In continuation of the growing list of stellar performers who have appeared in Houston under the auspices of the Pauline Oliveros Foundation, Joe McPhee, Dominic Duval, and Jay Rosen, collectively known as Trio X, made a deep impression at this early summer concert at DiverseWorks, an acoustically friendly venue in the warehouse district of downtown Houston. McPhee was in town all week working with aspiring young students at MECA, the inner-city school dedicated to providing a foundation in the arts and improvised music. This public concert was the culmination of his Houston itinerary that had included a performance with the students the previous day.
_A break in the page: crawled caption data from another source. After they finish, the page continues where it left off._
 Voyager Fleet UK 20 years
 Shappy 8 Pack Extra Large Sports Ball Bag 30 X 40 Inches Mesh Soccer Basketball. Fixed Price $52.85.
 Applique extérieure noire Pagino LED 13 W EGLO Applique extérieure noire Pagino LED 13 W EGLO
McPhee is a romantic. He is compassionate, feeling, and loving, and all these attributes come through when he picks up any one of his many horns. He shows his emotions openly, and his feelings leap from his instrument and are transmitted directly into the heart of the listener. His music is inspired, personal, and highly original, but that is not to say it is docile or tranquil. With Trio X, McPhee does experiment with tender ballads such as "Try a Little Tenderness" and an occasional spiritual similar to material used with his Bluette project. On this night, he mixed his attack, developing gripping solos of heartfelt beauty and also taking the music to astounding levels of rousing intensity. Trio X is a true collective, and the igniting vibrations from Duval and Rosen spurred McPhee.
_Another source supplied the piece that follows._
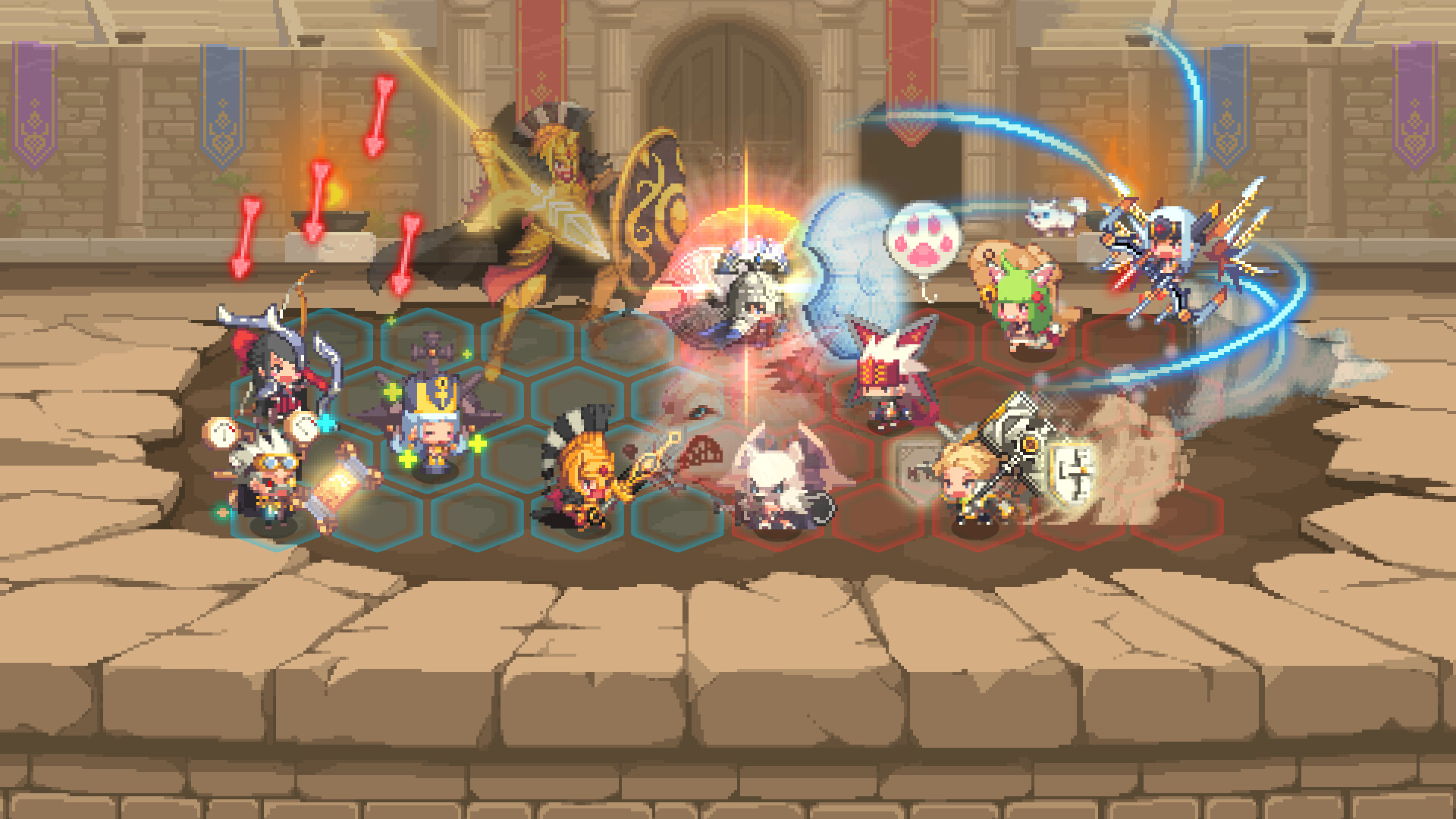 Crusaders Quest: Merge Chess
It is inspiring to watch Duval play the bass. He is able to make the instrument speak in whispers or to shout with gale-force strength. In all cases, his improvisations are constructed with extreme complexity and astounding intricacy. Magical music is the result of every endeavor. Duval combined arco and pizzicato techniques to eke sounds from the bass that would seem improbable, such as when he inserted a drumstick between the strings and bowed with intensity to establish aural splendor. He was not pleased with his instrument on this trip. His bass had not made the trip with him, but this did not prevent him from converting the borrowed bass into a messenger of deep, probing sounds that became the spirit of the concert. He intuitively harvested the right sequences that folded so naturally into the trio's music.
Rosen sat in the middle and was an astute listener of the vibrations flying around him. The concert was totally acoustic, which challenged Rosen to adopt softer tactics and to use subtleties to enhance the mystique. On a few occasions, he was able to expound in more dominant terms, but his call on this set was to shade and color the music in keeping with its depth of passion. Rosen used small percussion tools and ringing bell tones to complement the sounds. At one point, he adopted the brushes exclusively and added an enormous amount of ambiance and texture to the performance. You could see the strained tension in his face as he responded to what was happening. However, when the music elevated to levels of forcefulness, he generated the propelling wind to push the sails.
Trio X held a hushed crowd in the palm of its collective hands for two full-length sets. When the second set ended, there was a huge explosion of applause showing sincere respect for these three artists. It did not stop until an encore reflecting their noted formula for mixing delicacy and muscle was offered. This concert was creative improvised music at its apex.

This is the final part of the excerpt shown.